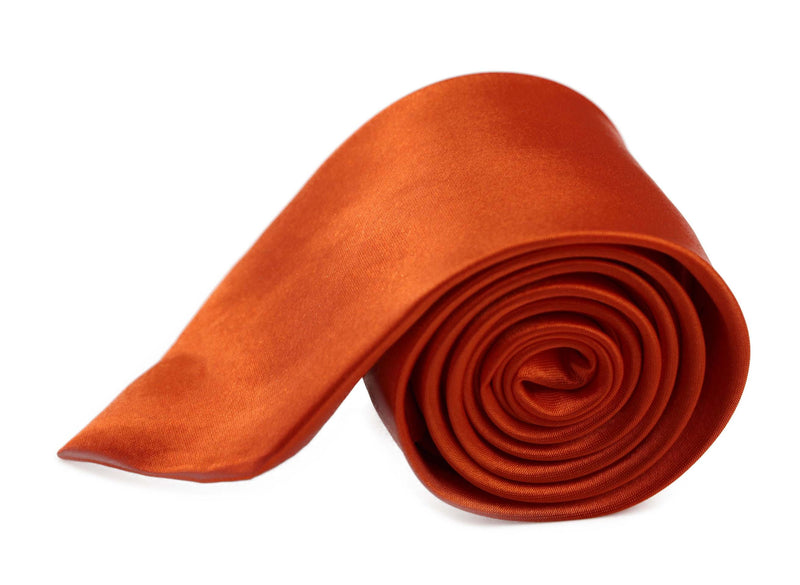 Mens Orange 8cm Plain Neck Tie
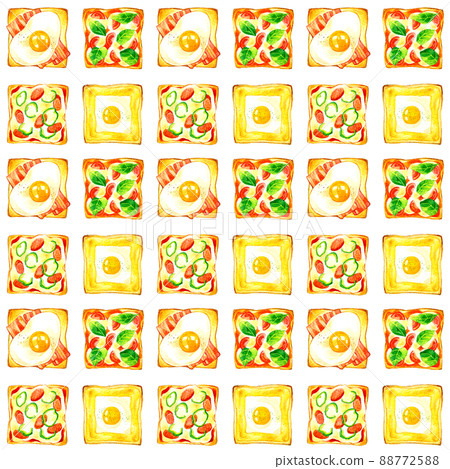 Seamless pattern of side dish toast Hand-painted watercolor illustration Background material Food pattern Textile Seamless pattern of side dish toast Hand-painted watercolor illustration Background material Food pattern Textile 88772588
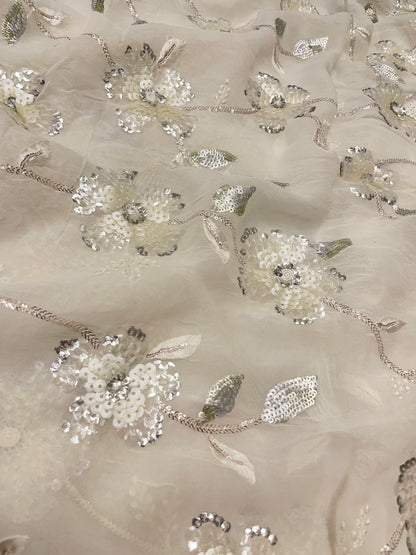 Dyeable Georgette Embroidery Fabric 44"inch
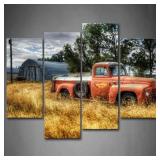 Old Truck Car Wall Art in Red and Trees and Dry Gr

:: Task to carry out ::
Repeat each line of the listing word for word, from the first through the line that contains "Dyeable Georgette Embroidery". Any picture stays out.

:: Written response ::
 Mens Orange 8cm Plain Neck Tie
 Seamless pattern of side dish toast Hand-painted watercolor illustration Background material Food pattern Textile Seamless pattern of side dish toast Hand-painted watercolor illustration Background material Food pattern Textile 88772588
 Dyeable Georgette Embroidery Fabric 44"inch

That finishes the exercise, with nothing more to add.